Analytical solution of the Klein Gordon equation with a Multi-parameter q-Deformed Woods-Saxon Type Potential

TL;DR

This paper provides an analytical solution to the Klein-Gordon equation with a multi-parameter q-deformed Woods-Saxon potential, analyzing scattering and bound states, and confirming results numerically.

Contribution

It introduces a new analytical approach to solve the Klein-Gordon equation with a complex potential, including scattering and bound state analysis, under the spin symmetric limit.

Findings

Derived reflection and transmission probabilities confirming probability conservation.

Established a quantization scheme for bound states.

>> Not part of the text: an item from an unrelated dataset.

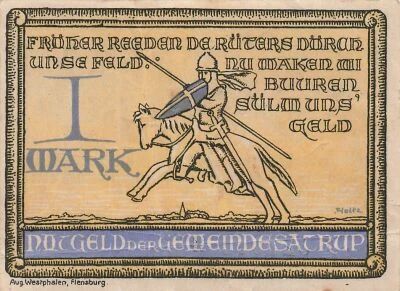 Allemagne 1 Mark - Satrup - Notgeld - 1921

Numerical validation of analytical results using Newton Raphson method.

Abstract

In this manuscript, we present analytical solution of the Klein-Gordon equation with the multi-parameter q-deformed Woods-Saxon type potential energy under the spin symmetric limit in $(1+1)$ dimension. In the scattering case, we obtain the reflection and transmission probabilities and prove the conservation of the total probability. Moreover, we analyze the correlation between the potential parameters with the reflection and transmission probabilities. In the bound state case, we use the continuity conditions and derive a quantization scheme. To confirm our results numerically, in both cases we randomly assign values to the potential parameters and find numerical results by using the Newton Raphson method.